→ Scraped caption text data

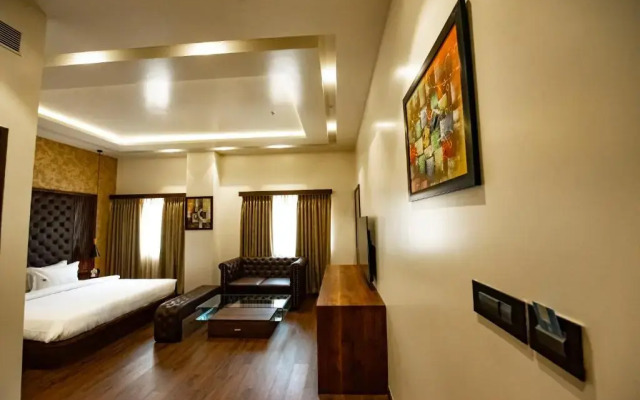 The Royal Palace Hotel 400703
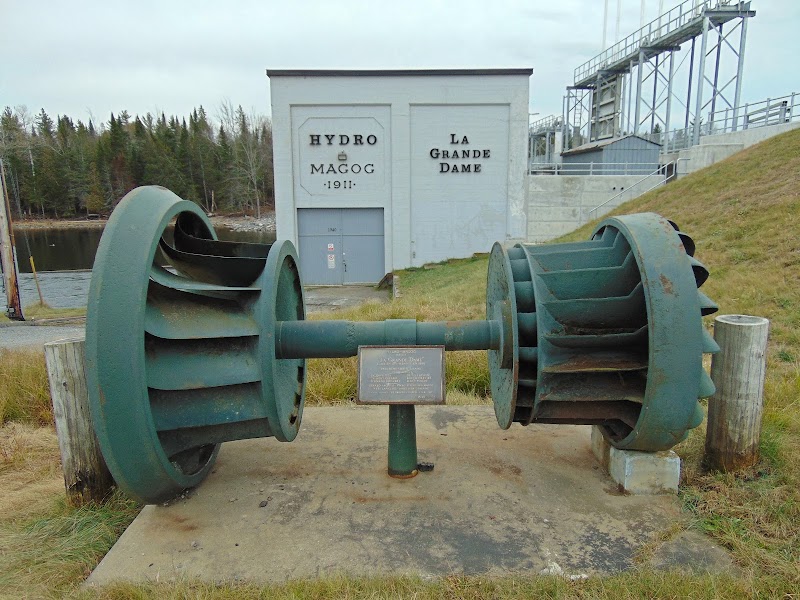 Parc canin dog park in Magog, Quebec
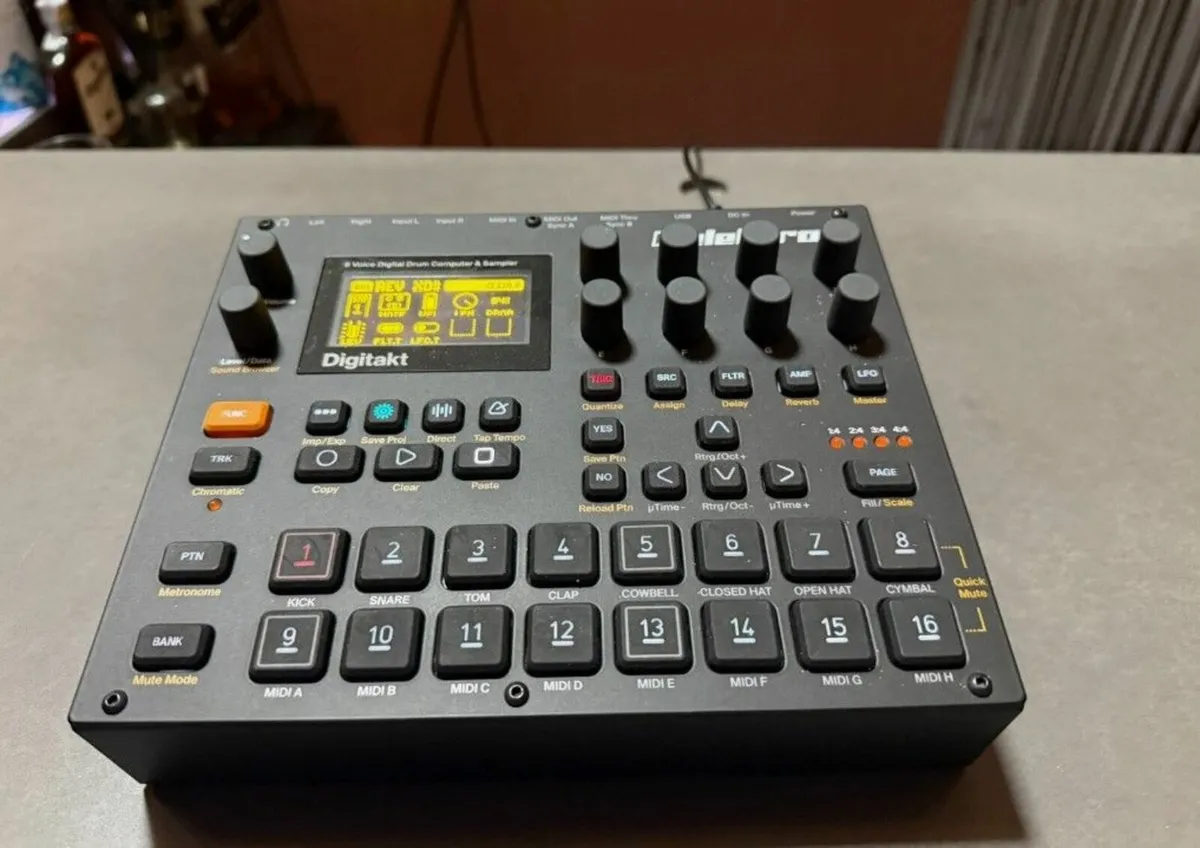 Elektron Digitakt 8 voice digital drum computer - Image 1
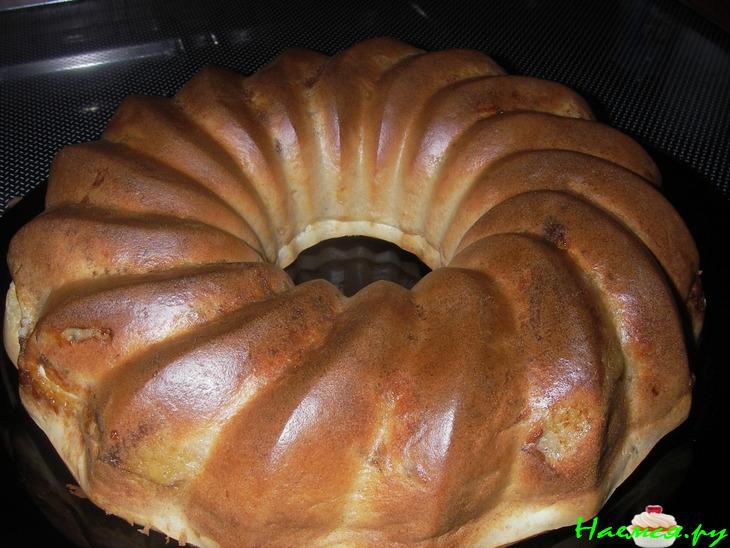 Заливной блинчатый пирог с яблоками и бананами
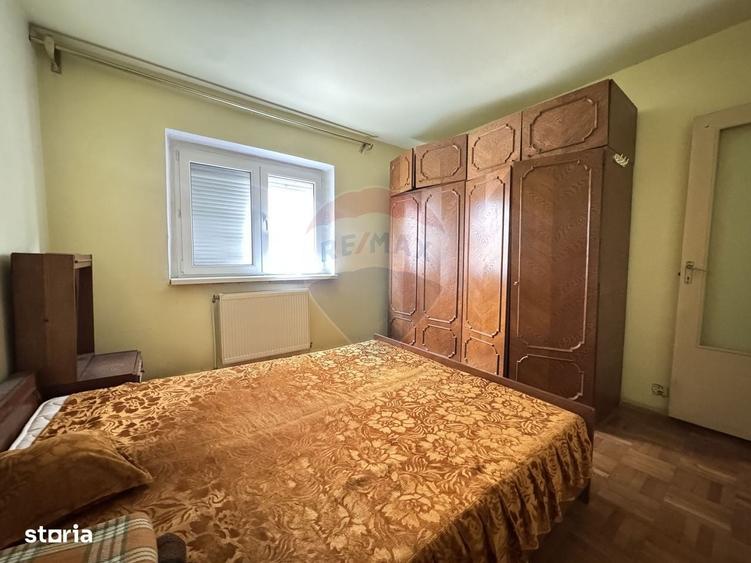Apartament cu 3 camere decomandat în Vitrometan
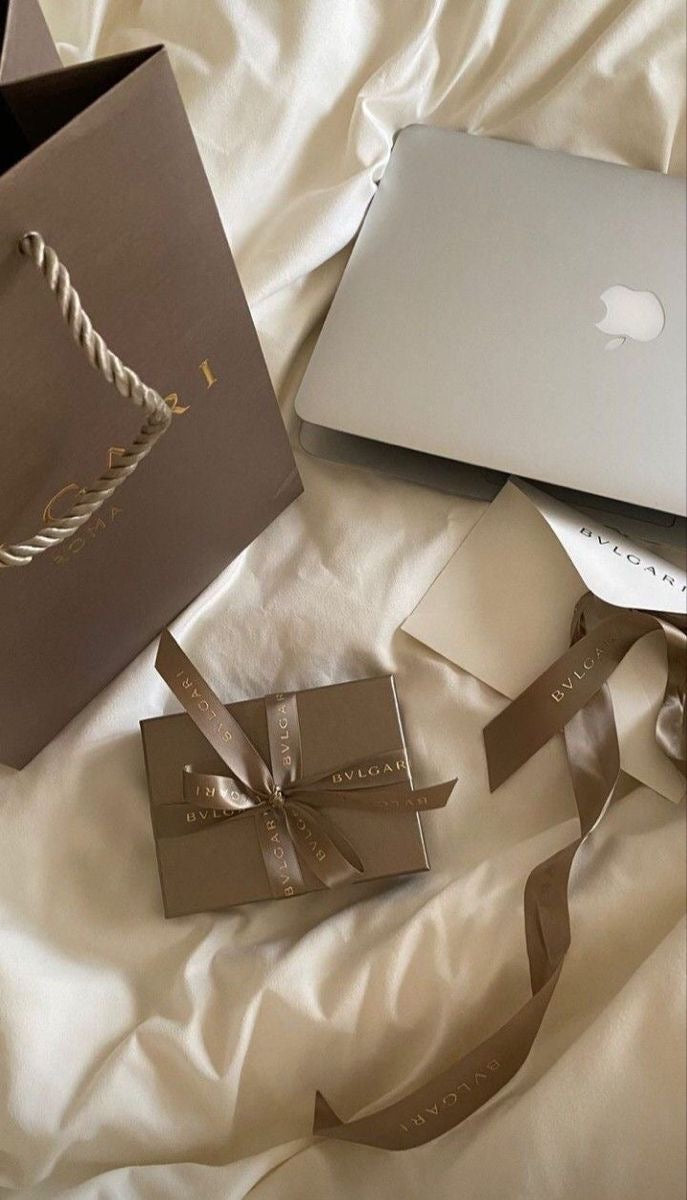 Classy Iva Gift Packaging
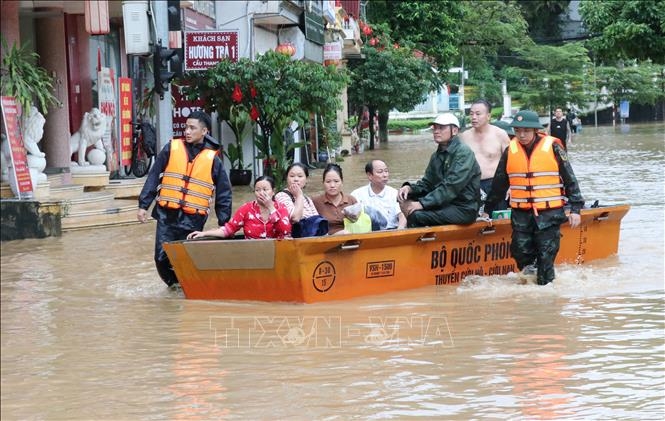 Ngập lụt nghiêm trọng ở Tuyên Quang, hàng nghìn hộ dân phải di dời khẩn cấp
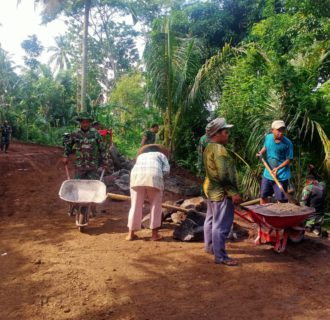 TNI Dan Warga Saling Kejar Gunakan Batu di Bukit Catu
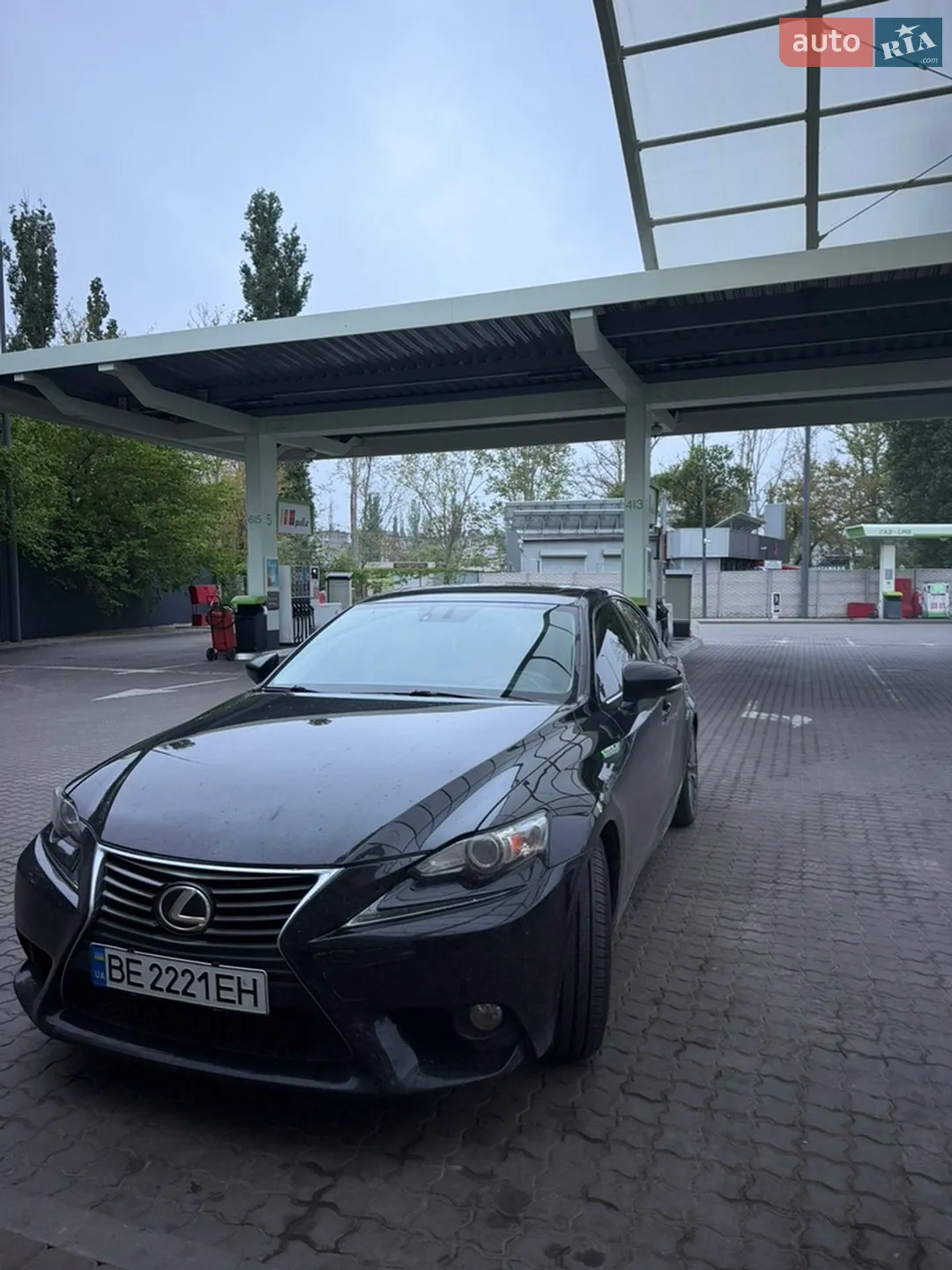 2013 Lexus IS - мініатюра 2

→ Exercise
Each line from the one with "Elektron Digitakt 8" through the end of the entries should be reproduced exactly. Leave out the pictures.

→ Response for this exercise
 Elektron Digitakt 8 voice digital drum computer - Image 1
 Заливной блинчатый пирог с яблоками и бананами
Apartament cu 3 camere decomandat în Vitrometan
 Classy Iva Gift Packaging
 Ngập lụt nghiêm trọng ở Tuyên Quang, hàng nghìn hộ dân phải di dời khẩn cấp
 TNI Dan Warga Saling Kejar Gunakan Batu di Bukit Catu
 2013 Lexus IS - мініатюра 2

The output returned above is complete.